What needs to be done:
From the data below, return only the lines from the one with "Single combo desk" through the one with "Men's Watch Refurbished", exact and inclusive, with pictures left out.

Records provided:

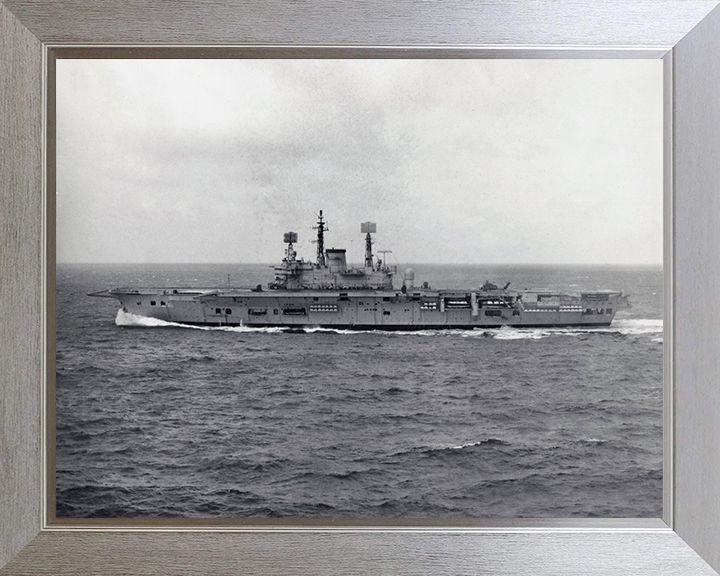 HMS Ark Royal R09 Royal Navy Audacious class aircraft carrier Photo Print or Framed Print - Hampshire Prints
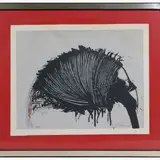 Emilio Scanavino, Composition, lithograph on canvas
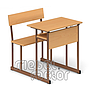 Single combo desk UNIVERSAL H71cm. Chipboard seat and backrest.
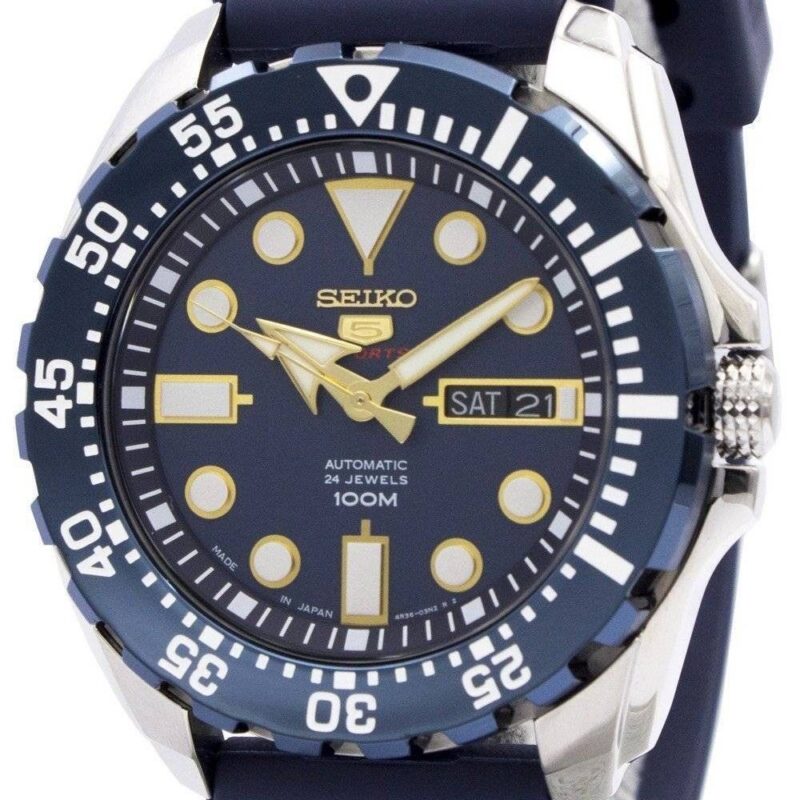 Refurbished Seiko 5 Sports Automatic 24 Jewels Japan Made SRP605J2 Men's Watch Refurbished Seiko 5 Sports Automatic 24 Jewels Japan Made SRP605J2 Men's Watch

* * *

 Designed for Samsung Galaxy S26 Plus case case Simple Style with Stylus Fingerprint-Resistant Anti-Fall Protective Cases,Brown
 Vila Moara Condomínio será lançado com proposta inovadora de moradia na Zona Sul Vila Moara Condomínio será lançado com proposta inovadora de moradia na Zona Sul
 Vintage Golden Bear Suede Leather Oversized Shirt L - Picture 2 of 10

Response to the task:
 Single combo desk UNIVERSAL H71cm. Chipboard seat and backrest.
 Refurbished Seiko 5 Sports Automatic 24 Jewels Japan Made SRP605J2 Men's Watch Refurbished Seiko 5 Sports Automatic 24 Jewels Japan Made SRP605J2 Men's Watch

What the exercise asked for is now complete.